By Dan Plouffe, Charlie Pinkerton, Mark Colley, Martin Cleary & Adamo Marinelli

Today marks the first of 18 straight days we’re going to bring you coverage on our Ottawa athletes competing at the 2022 Canada Summer Games from Aug. 6-21 in Niagara Region, and we couldn’t be more excited to tell you the stories of these rising local athletes!

This is the first time we’ll be providing daily coverage of the Canada Games, though it will mirror what we did for the four Ottawa at the Olympics and Paralympics Games that took place within this past year.

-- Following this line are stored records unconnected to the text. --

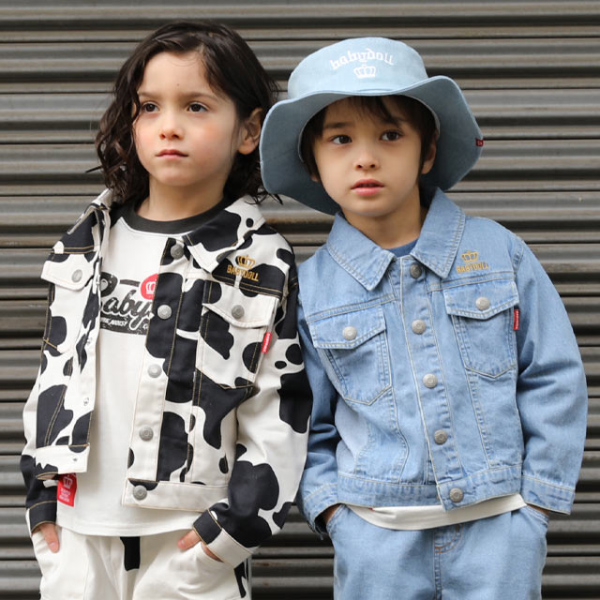 コンビネーションジャケット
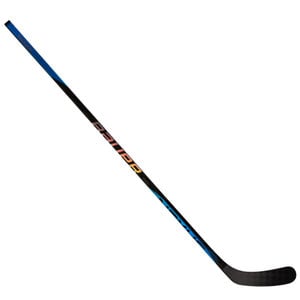 Bauer Bauer Nexus Sync Grip One Piece Stick - Junior - 50 Flex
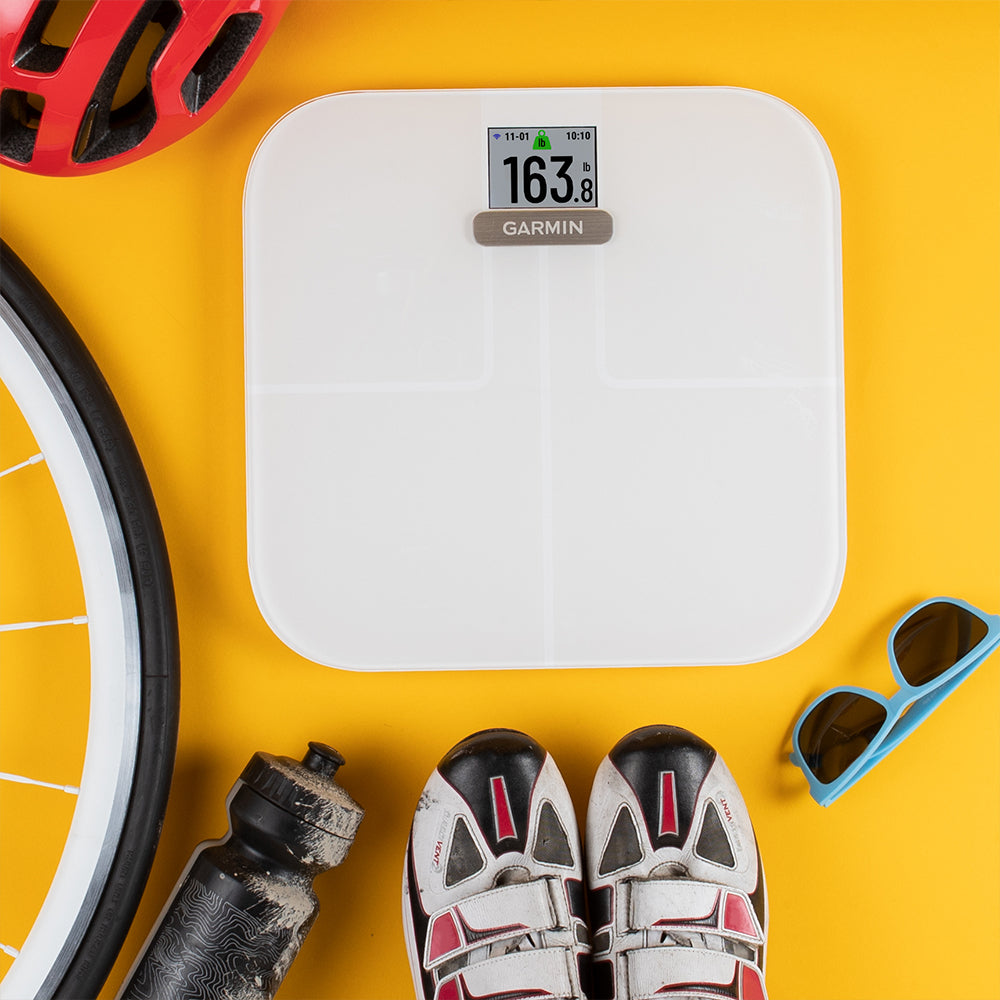 Garmin Index S2 Smart Scale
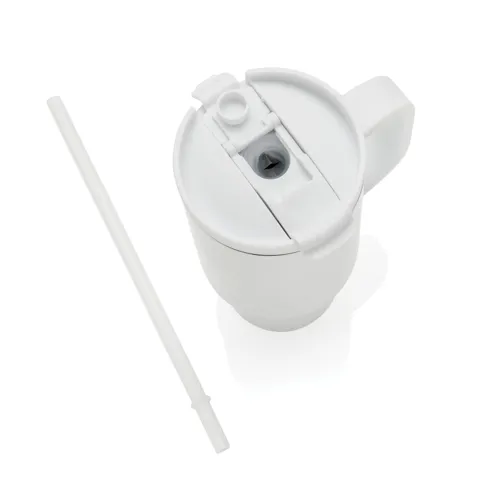 Cruiser RCS újrah. kiömlésbiztos kompakt pohár, 480 ml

One big difference is we’ll have boots on the ground reporting live – Mark Colley will lead the Ottawa Sports Pages‘ coverage from Niagara, with Dan Plouffe covering several days as well, and Charlie Pinkerton, Adamo Marinelli and Martin Cleary supporting the effort from back home.

And another big difference is the massive number of Ottawa athletes we’ll be following in Niagara – FIFTY-ONE!

Oh boy, it’s going to be a daunting task for our Sports Pages team to keep track of that many athletes, but we have been training and preparing just like the competitors, except, you know, without sweating or leaving a sitting position…

But we are ready to get you ready for the Games, so let’s tell you some more about our the Canada Games and our local team.

About the Canada Summer Games

Juuuust in case you need a little refresher on what these Canada Games are all about, let’s start with that.

The Niagara Region will welcome more than 5,000 total participants (including 3,766 registered athletes, along with coaches and support staff) for the 14th edition of the Canada Summer Games and 28th overall (including 14 Winter editions).

Featuring teams from each province/territory, the Canada Games alternate between Summer and Winter with a similar quadrennial schedule as the Olympic Games. The first Games were held in 1967 to mark Canada’s centennial.

The age categories vary by sport, but generally speaking, athletes are in their late teenage years or early 20s. The Canada Games often provide young participants a first taste of a multi-sport games and allow them to gain experience on the road to representing Canada at senior-level games.

A teenaged Isabelle Weidemann training with the Gloucester Concordes Speed Skating Club. File photo

Roughly two-thirds of Canadian Olympians competed at Canada Games before making it to sport’s biggest stage, so we’re very excited to see which stars might emerge from the group we’ll be meeting in the coming weeks.

We remember how elated Isabelle Weidemann was to finish fourth at the Canada Games once upon a time (she of course went on to win three Olympic speed skating medals this past winter).

But before realizing their five-ring dreams, local and Team Ontario athletes have some business to take care of in Niagara. They’ll be expected to help the host province hold onto the Canada Summer Games flag (awarded to the province/territory that’s accumulated the most points in their ranking system).

Ontario has the chance to make it a neat dozen in a row, having earned the most flag points in every edition since 1977.

And dare we say our local team definitely has the firepower to do it.

Ottawa overrepresented at Canada Games

Ottawa is punching far above its weight with a giant team of 51 athletes ready to rock with Team Ontario, and many of them are already national champs in their sports.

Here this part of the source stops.